Distinguished Member
looking good mate! wasnt too keen on green when you said it , but it has turned out very nice! your lucky to have a neighbour who can plaster and by the looks of it very well!! next time your other half breaks a leg and stops contributing to the house hold and delays your cinema get her a job licking envelopes from home :devil: only kidding mate,
 

pure_geordie

Active Member
Hello Malone just read yout thread and pretty impressed.

I am just about at the begining stages of my DIY GC and there is so much to do and take in but I will be doing exactly what you are doing except I am getting a builder in to brick up my garage door with a window in and create an opening for my door from my living room.

I haven't even got any kit yet...and not even sure what to buy but for your info probably with be the hitachi TX200 as i've heard so many good reports on it. One other thing my budget for absolutely everything is between 5-6k and thoughts on what kit to get and what I've got to look forward to!!!
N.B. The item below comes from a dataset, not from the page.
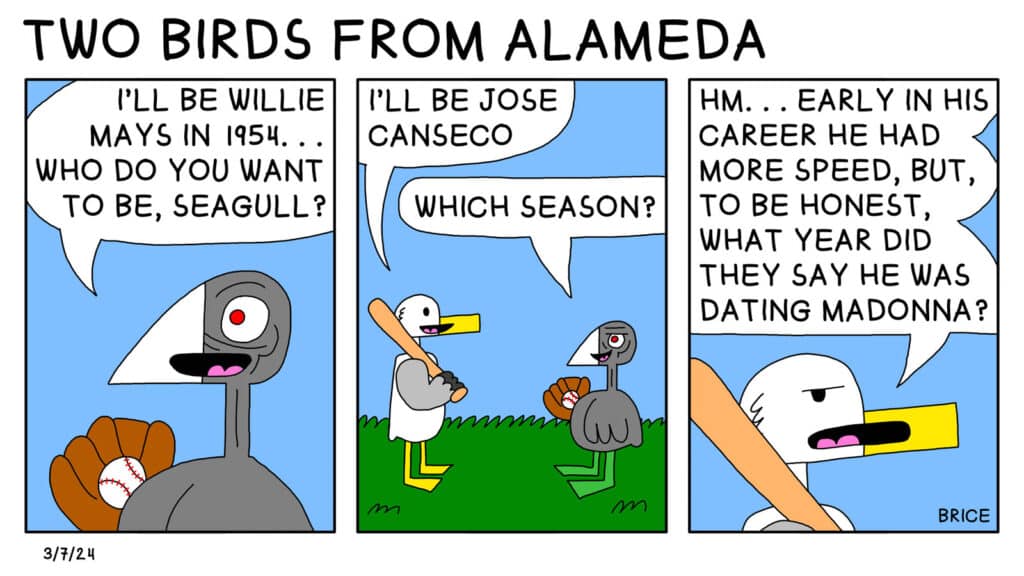 Alameda Post - Two Birds from Alameda for March 7, 2024. First panel: A coot with yellowish green feet is holding a baseball and says, "I'll be Willie Mays in 1954... Who do you want to be Seagull?" Second panel: Seagull stands holding a bat and says, "I'll be Jose Canseco." The coot asks, "Which Season?" Third and final panel: Seagull replies, "Hm.. early in his career he had more speed, but, to be honest, what year did they say he was dating Madonna?"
Cheers...oh by the way my garage is 16ft by 8ft..

Thanks again...:smashin:
 

Malone

Active Member
Thanks Shahedz
LMAO, that got a open mouthed look from the Mrs:D

Took me ages to decide on colour but it is a dark green and actually works quite well especially when i take the speaker covers off to reveal the yellow surround of the cones. Going for a dark carpet, decent wool one, with a very thick underlay.

Oh and the speaker cables are not as obtrusive now, especially the centre which was on a temp stand and had no slack. Decided will use black insulation tape to wrap around cable to help hide it more

Thanks Geordie, mines is 2 ft shorter mainly because I've retained a 2 ft area at front to be a storage area. Surprisingly it seems bigger now than when it was the standard garage??.